• _PROBLEM DETAILS_:
Start with the line that holds "Einfache, handgeschriebene Skriptgratulation". Please copy it and each remaining line below exactly, leaving pictures out.
(DATASET EXTRACT Opens)
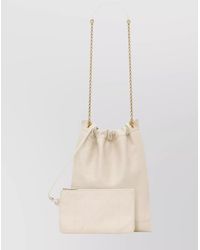 Saint Laurent - Jamie Pochon Leather Shoulder Bag - Lyst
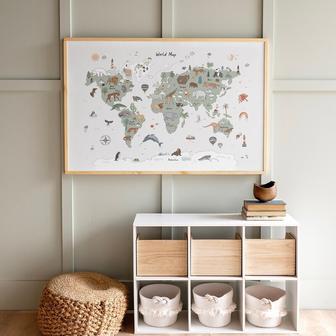 Explore The World With Animal Themed Nursery Canvas Wall Art For Kids' Room DéCor | Familywalldecor UK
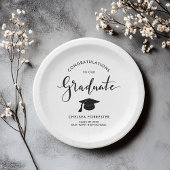 Einfache, handgeschriebene Skriptgratulation Pappteller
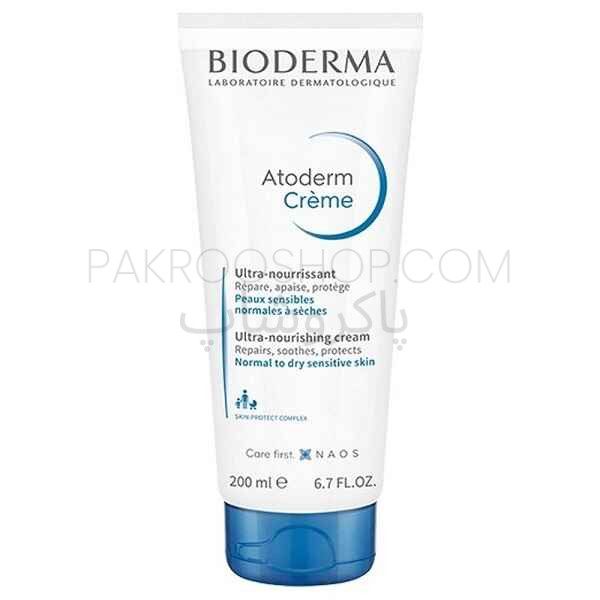 کرم مغذی و مرطوب کننده صورت و بدن اتودرم بایودرما Bioderma Atoderm Cream Ultra Nourishing 200ml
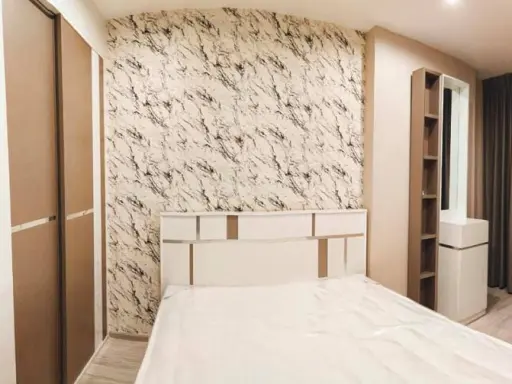 woww!! Very beautiful room, wall next to wall, built-in furniture, book now at Ideo Mobi Bangsue Grand Interchange Condo images
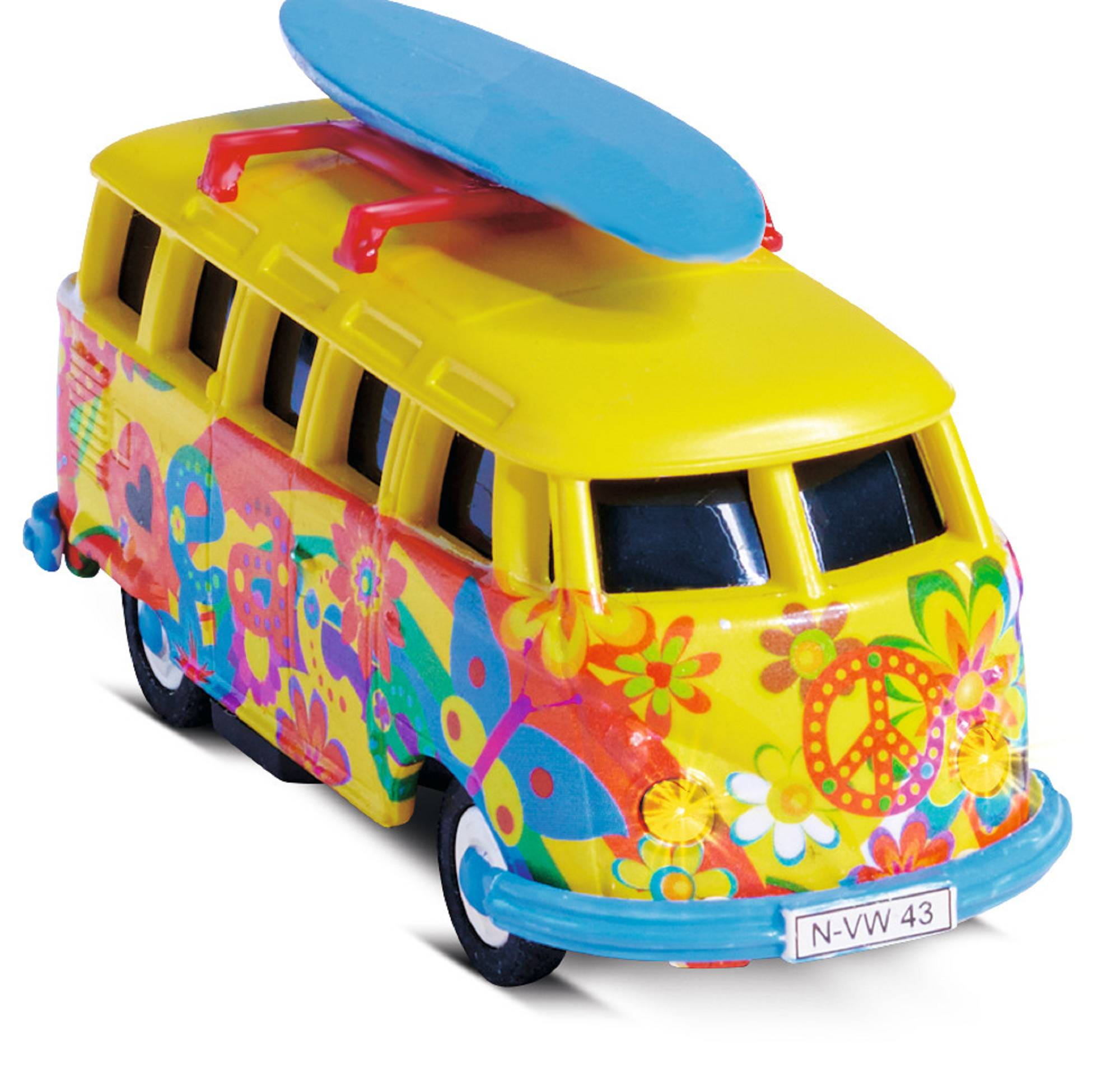 Carson H0 RC VW T1 Bus Flower Power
(DATASET EXTRACT Closes)
• _FINISHED EXERCISE_:
 Einfache, handgeschriebene Skriptgratulation Pappteller
 کرم مغذی و مرطوب کننده صورت و بدن اتودرم بایودرما Bioderma Atoderm Cream Ultra Nourishing 200ml
 woww!! Very beautiful room, wall next to wall, built-in furniture, book now at Ideo Mobi Bangsue Grand Interchange Condo images
 Carson H0 RC VW T1 Bus Flower Power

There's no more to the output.